All indigenous communities all over Canada are campaigning for the future of renewable energy as networking opportunities are being promoted with the advancement in technology. This was well seen in this year’s Indigenous Clean Energy (ICE) meeting that was conducted virtually. Darrell Brown, the ICE Executive Board Chairman, said that he was pleased with the community gathering as various First Nations began the sustainability journey. He added that they had come a long way, and they are going far, saying he is happy with everyone’s contribution.

Darrell is an entrepreneur who commenced Kisik Clean Energy to help indigenous communities develop wind, solar, hydro, geothermal, biomass, and microgrid technologies. He has been working in the green energy industry since 2016. Darrell was among those who developed Kiashke Zaaging Anishinaabek (KZA) project (Gull Bay First Nation) in northwestern Ontario.  The KZA project comprises battery storage and solar power in a microgrid transmission system. This project’s primary objective was to supply people with clean power to decrease the community’s dependence on diesel fuel. It is essential to note that the First Nation is not linked to the provincial grid. The coordinator of KZA energy projects, Aj Esquega, said that it could not get rid of diesel but can help reduce its consumption by up to 25%.

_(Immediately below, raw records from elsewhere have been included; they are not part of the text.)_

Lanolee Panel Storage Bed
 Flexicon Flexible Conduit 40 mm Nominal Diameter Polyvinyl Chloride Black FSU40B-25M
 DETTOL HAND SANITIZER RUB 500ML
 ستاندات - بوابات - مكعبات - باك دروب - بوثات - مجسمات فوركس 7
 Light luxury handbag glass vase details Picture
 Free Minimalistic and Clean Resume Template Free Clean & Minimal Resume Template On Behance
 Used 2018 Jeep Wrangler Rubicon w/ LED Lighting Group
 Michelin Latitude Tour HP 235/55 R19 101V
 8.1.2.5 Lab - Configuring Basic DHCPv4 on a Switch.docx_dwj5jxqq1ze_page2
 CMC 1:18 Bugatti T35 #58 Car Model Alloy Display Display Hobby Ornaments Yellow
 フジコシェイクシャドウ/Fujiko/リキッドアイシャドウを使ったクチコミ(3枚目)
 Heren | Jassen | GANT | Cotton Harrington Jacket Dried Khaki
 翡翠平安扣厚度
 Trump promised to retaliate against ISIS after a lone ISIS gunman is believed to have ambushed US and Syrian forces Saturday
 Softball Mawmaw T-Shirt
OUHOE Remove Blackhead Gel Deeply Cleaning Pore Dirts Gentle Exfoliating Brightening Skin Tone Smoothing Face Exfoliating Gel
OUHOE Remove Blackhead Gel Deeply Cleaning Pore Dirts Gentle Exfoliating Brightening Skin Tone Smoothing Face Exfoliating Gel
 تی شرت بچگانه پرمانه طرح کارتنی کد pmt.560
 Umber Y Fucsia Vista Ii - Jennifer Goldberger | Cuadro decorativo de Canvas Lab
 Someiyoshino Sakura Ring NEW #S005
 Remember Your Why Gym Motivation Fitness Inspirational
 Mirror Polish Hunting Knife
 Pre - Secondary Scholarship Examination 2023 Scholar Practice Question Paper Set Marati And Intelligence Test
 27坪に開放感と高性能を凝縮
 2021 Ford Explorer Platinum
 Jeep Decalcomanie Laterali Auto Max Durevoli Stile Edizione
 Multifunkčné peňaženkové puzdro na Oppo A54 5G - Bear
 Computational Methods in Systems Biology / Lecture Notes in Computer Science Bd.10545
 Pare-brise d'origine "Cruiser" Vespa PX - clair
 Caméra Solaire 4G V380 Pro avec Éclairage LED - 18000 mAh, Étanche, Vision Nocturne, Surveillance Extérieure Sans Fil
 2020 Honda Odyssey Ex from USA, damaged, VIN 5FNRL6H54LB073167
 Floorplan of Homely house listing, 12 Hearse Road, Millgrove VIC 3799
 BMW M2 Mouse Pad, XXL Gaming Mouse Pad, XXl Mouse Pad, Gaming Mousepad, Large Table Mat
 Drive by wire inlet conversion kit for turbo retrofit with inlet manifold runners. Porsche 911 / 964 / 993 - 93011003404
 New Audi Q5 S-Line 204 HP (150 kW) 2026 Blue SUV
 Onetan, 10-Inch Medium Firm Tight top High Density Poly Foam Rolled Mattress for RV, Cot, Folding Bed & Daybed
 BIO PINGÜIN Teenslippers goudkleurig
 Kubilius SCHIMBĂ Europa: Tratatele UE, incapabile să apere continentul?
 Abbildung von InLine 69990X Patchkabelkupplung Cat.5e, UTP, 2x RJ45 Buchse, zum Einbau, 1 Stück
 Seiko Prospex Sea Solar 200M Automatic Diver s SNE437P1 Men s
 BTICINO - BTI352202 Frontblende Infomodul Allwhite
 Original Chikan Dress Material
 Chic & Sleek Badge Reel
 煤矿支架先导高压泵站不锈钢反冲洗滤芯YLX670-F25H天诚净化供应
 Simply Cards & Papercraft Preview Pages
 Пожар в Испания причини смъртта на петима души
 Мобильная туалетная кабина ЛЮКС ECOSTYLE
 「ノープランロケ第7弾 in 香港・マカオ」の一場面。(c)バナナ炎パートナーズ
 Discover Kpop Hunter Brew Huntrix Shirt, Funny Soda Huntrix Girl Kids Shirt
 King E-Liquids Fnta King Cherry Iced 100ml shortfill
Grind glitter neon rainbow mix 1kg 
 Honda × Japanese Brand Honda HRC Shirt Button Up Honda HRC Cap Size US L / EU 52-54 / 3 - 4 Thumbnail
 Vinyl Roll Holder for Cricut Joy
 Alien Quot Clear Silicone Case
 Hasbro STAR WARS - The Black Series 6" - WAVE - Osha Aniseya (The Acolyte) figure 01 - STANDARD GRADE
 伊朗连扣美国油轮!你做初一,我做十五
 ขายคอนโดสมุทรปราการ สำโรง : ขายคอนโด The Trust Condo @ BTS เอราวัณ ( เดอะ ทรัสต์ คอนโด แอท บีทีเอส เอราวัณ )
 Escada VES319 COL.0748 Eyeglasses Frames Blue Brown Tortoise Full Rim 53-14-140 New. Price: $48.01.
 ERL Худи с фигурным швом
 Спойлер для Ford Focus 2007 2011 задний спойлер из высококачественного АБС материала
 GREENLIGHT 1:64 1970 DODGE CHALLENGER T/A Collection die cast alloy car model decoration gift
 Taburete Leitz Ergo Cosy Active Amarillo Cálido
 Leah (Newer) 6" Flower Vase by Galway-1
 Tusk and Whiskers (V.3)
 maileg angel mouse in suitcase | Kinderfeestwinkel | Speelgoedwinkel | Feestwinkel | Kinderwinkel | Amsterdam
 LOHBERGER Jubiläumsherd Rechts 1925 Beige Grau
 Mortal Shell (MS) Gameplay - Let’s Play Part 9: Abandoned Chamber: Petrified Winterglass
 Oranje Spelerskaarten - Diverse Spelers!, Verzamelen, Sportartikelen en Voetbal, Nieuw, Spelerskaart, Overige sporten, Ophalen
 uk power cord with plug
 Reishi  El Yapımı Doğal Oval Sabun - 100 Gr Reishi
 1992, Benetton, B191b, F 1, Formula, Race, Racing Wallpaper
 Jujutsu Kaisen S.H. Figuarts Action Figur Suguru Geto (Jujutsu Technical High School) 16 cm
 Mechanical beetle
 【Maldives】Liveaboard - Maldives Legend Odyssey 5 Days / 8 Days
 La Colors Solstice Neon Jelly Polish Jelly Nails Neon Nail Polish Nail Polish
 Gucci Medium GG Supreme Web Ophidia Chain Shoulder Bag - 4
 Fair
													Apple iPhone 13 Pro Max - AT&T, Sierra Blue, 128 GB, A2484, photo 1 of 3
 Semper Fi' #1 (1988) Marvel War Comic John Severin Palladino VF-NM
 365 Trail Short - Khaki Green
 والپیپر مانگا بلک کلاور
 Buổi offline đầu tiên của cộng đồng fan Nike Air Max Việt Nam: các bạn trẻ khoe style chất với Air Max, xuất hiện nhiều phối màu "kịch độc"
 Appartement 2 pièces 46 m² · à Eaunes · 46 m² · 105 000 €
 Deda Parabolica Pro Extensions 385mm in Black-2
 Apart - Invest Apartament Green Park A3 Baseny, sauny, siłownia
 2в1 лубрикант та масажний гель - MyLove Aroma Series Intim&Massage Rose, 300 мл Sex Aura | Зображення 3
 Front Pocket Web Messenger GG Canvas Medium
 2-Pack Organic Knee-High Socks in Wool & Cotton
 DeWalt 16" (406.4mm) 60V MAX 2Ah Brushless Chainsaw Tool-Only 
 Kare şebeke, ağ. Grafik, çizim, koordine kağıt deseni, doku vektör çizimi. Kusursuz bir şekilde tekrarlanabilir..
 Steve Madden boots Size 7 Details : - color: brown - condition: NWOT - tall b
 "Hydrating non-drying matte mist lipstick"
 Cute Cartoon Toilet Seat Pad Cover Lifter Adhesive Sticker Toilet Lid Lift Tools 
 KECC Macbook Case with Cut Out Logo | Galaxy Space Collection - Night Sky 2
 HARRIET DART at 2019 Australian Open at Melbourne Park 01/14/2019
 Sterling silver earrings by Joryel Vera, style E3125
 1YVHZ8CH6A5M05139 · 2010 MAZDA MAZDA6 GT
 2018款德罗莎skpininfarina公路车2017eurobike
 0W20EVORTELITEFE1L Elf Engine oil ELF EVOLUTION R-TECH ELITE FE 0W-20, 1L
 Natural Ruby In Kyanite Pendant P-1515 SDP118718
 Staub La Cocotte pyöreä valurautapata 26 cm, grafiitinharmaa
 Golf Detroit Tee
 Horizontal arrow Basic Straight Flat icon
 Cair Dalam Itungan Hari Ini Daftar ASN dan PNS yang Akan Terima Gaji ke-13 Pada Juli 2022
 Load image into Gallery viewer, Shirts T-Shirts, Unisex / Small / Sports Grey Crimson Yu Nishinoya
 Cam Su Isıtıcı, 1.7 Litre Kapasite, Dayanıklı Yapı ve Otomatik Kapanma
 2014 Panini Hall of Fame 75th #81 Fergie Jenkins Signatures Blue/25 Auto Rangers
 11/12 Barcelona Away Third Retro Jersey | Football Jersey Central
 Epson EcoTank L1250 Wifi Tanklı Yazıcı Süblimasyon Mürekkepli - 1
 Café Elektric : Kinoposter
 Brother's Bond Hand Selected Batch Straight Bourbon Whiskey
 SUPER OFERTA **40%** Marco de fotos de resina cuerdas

Sayisi Dene First Nation, located on the Tadoule Lake’s shores in northern Manitoba, is another off-grid community expected to spring renewables into a higher level. Darrell said that communities’ empowering is the key since, according to their beliefs; they feel that they are protecting their land, water, and wildlife. Therefore, the community will embrace all efforts in regard to renewable energy and decreasing the use of fossil fuels as per their beliefs.  The benefits delivered from these projects include creating job opportunities for these communities and professionals, reducing greenhouse gas emissions, and decreasing environmental risk related to fuel storage. The use of renewable energy will also improve overall health since the burning of fossil fuels such as diesel has negative health effects.

To reduce the power costs, communities that are linked into provincial grids like Fisher River Cree Nation located in central Manitoba are heavily investing in renewable energy. Recently, the community announced one of the biggest solar farms in the province that sells surplus power into Manitoba Hydro’s grid. In November 2020, three indigenous communities, which are in northern Alberta, including Fort Chipewyan Metis Association, Athabasca Chipewyan First Nation, and Mikisew Cree First Nation, started the largest solar farm in the country. Vince Robinson, Nuxalk Nation Clean Energy Co-ordinator, said that resources are limited, and pooling them together will help each community achieve what it wants.